| Work instructions |
Start at the line with "2023 Cadillac XT6 Premium Luxury FWD" in the records below, stop at the line with "Hotel Restaurant Friedrichs", and return every line in that span exactly, the two end lines included.

| Input |
|---|
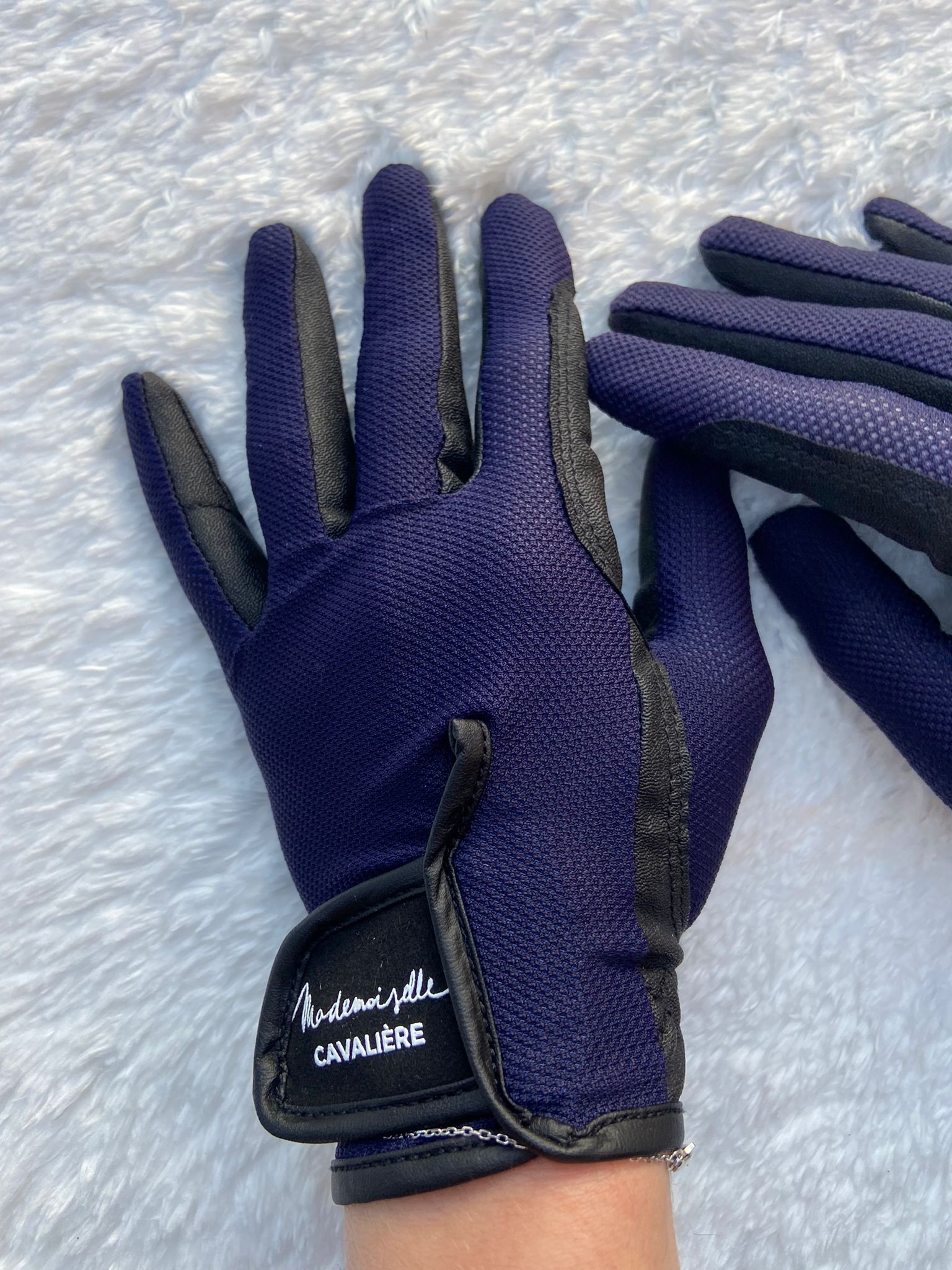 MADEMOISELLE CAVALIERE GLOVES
|---|
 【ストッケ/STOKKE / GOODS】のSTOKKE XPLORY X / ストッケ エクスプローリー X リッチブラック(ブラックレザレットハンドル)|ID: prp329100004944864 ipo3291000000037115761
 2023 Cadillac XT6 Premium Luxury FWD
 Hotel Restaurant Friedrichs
|---|
| Response area |
 2023 Cadillac XT6 Premium Luxury FWD
 Hotel Restaurant Friedrichs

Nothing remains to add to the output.